Sir Robert Mackreth (?1725–1819), of Ewhurst, Hampshire, was an English club owner, money lender, speculator and politician. He was a Member (MP) of the Parliament of Great Britain for Castle Rising from 1774 to 1784, and for Ashburton in the Parliament of Great Britain and the Parliament of the United Kingdom from 1784 to 1802.

==Life==
Mackreth began life as a billiard-marker at White's Club. He acquired a vintner's business in St. James's Street, and became an assistant of Robert Arthur, the original proprietor of White's, who on his death, 6 June 1761, left the property to Mackreth, then about to marry his only child, Mary Arthur (the wedding took place in October). Mackreth managed the club through an agent, a near relation of his.

From this point Mackreth concentrated on financial speculations, with sidelines as a loan shark and bookmaker: Gilly Williams, writing to George Selwyn in 1768, mentions him as dealing heavily in the bets for and against the success of John Wilkes in the election for the City of London that year.
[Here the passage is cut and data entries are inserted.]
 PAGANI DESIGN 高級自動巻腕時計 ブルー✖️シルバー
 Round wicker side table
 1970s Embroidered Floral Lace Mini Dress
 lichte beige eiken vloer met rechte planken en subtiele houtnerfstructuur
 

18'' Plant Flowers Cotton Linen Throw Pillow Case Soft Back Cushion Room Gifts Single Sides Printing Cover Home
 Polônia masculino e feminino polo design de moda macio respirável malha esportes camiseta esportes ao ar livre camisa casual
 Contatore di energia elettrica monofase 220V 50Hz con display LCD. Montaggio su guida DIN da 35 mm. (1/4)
In October 1774 he was nominated for the pocket borough of Castle Rising by the Earl of Orford, who had found him useful in business, and was in his debt.
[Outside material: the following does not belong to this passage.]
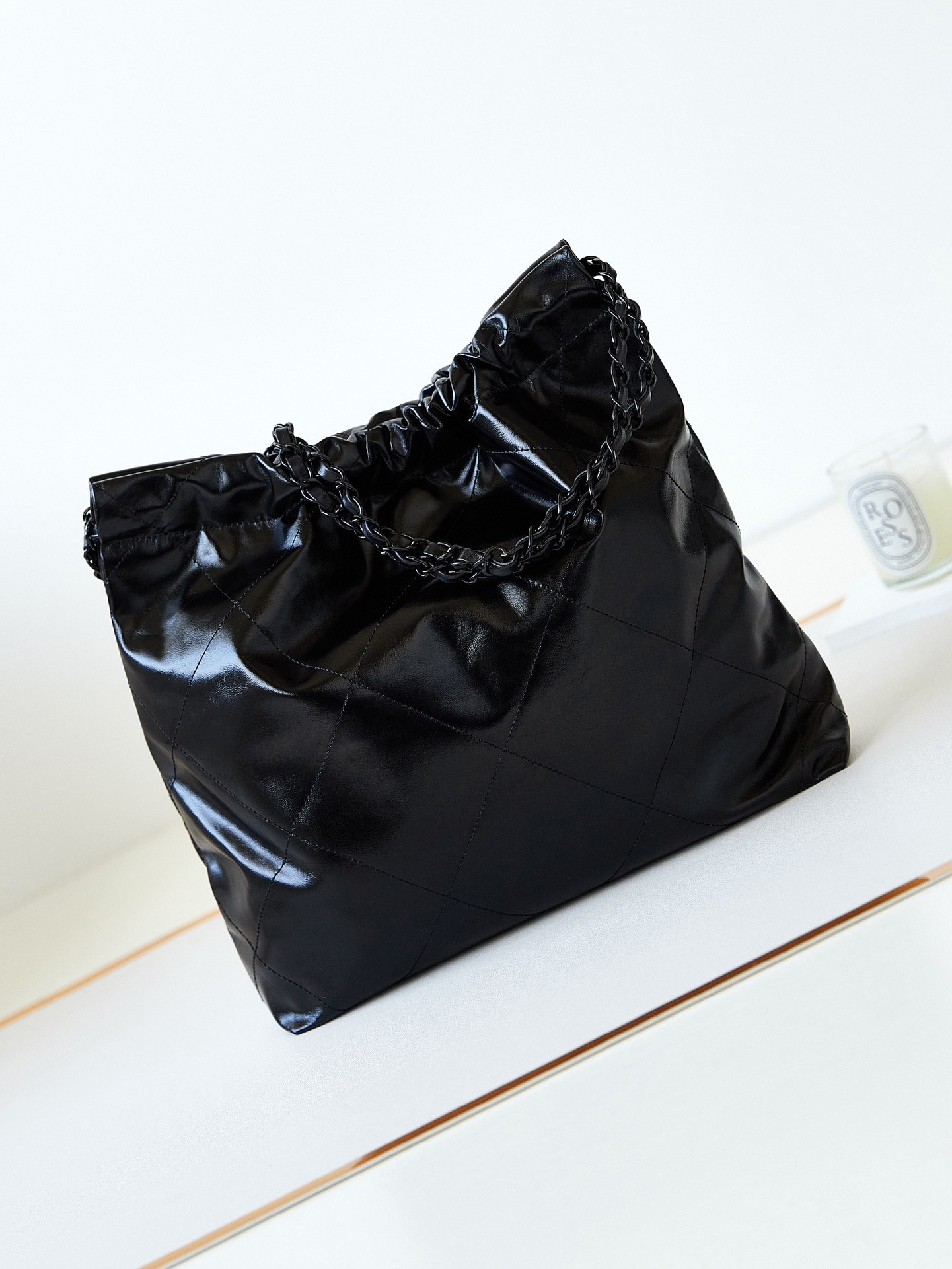 Ch*el 22 small handbag shiny calfskin all black 13.7×14.4×2.7 in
Mackreth's reputation suffered in 1786, when he was defendant in a suit preferred by James Fox-Lane, an aristocratic member of White's, who charged Mackreth with defrauding him of his patrimony. The Master of the Rolls found that he had taken undue advantage of a young man, who was also a minor, and he had to refund £20,000. He appealed without success, first to the Lord Chancellor, and then to the House of Lords. Fox-Lane's counsel throughout the case was Sir John Scott; in 1792 Mackreth accosted Scott in Lincoln's Inn Fields, called him a liar and a scoundrel, and challenged him to a duel, for an alleged insult in one of his speeches in 1786. Eldon ignored the challenge, but brought an action for assault against Mackreth, who was sentenced by the court of King's Bench to six weeks' imprisonment and a fine, for a breach of the peace.
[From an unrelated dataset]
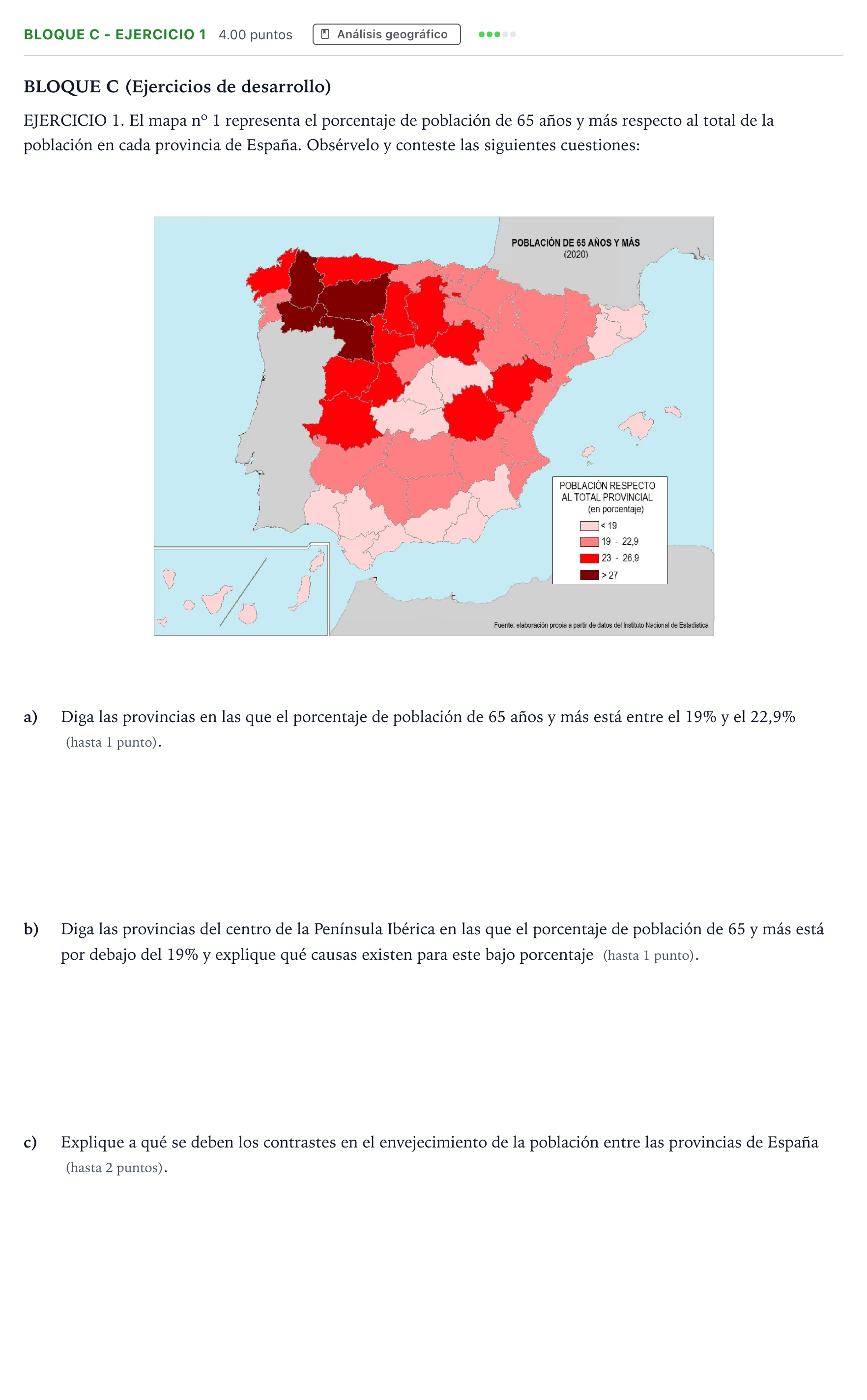 Enunciado: Bloque C - Ejercicio 1 · Geografía PAU Andalucía Extraordinaria Reserva 2021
Politically, Mackreth backed Lord North, and then Richard Rigby. Later he supported William Pitt the Younger. He sat in the House of Commons for Ashburton from 1784 to 1802; and on 8 May 1795 he was knighted by George III. Withdrawing from parliamentary life in 1802, he retired to his estate at Ewhurst, near Basingstoke. He added to, besides his house property in London, an estate in Cumberland and a plantation in the West Indies. He died in London in February 1819, in his ninety-fourth year. His wife had died at Putney on 3 June 1784.